The spokesman for Israeli Finance Minister Bezalel Smotrich, the far-right leader of the opposition, told AFP that the approval was given on Thursday during a meeting of the security cabinet.
Smotrich threatened in May to paralyze the vital banking channel between Israel and Palestinian banks based in Ramallah in the occupied West Bank, in response to three European countries recognizing the state of Palestine.
Smotrich, a settler who supports full annexation of the West Bank, which Israel has occupied since 1967, then told Prime Minister Benjamin Netanyahu that he doesn’t intend to extend the annual guarantee that Israeli banks need to do business with Palestinian banks.
In exchange for concessions to expand Jewish settlement in the West Bank, Smotrich agreed to extend the guarantee for a few months.
Since June 30, the guarantee has been renewed several times for varying periods, most recently for one month, until November 30.
Until then, Smotrich had been citing suspicions of financing Palestinian armed factions through Palestinian banks.
The financial system, and thus the daily lives of Palestinians in the West Bank, depend on the renewal of these guarantees granted by the Israeli state.
This protects Israeli correspondent banks from potential legal action (such as anti-money laundering or counter-terrorism financing) for transactions they conduct with Palestinian banks.

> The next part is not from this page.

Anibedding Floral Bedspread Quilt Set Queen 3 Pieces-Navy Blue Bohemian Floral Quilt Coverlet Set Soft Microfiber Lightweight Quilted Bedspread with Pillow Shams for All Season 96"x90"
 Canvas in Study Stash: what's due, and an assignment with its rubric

Without this guarantee, these Israeli financial institutions would not risk making even the slightest transaction with banks registered with the Palestinian Authority.
The guarantee was traditionally renewed every year before Hamas’s unprecedented attack on October 7, 2023, which sparked the ongoing war in the Gaza Strip.
In July, the G7 urged Israel to take the necessary steps to allow the Palestinian financial system to function after US Treasury Secretary Janet Yellen warned that severing Palestinian banks from their Israeli counterparts would lead to a humanitarian crisis.
The vast majority of trade in the West Bank is conducted in Israeli shekels, and the Palestinian Authority lacks a central bank that can mint its own currency.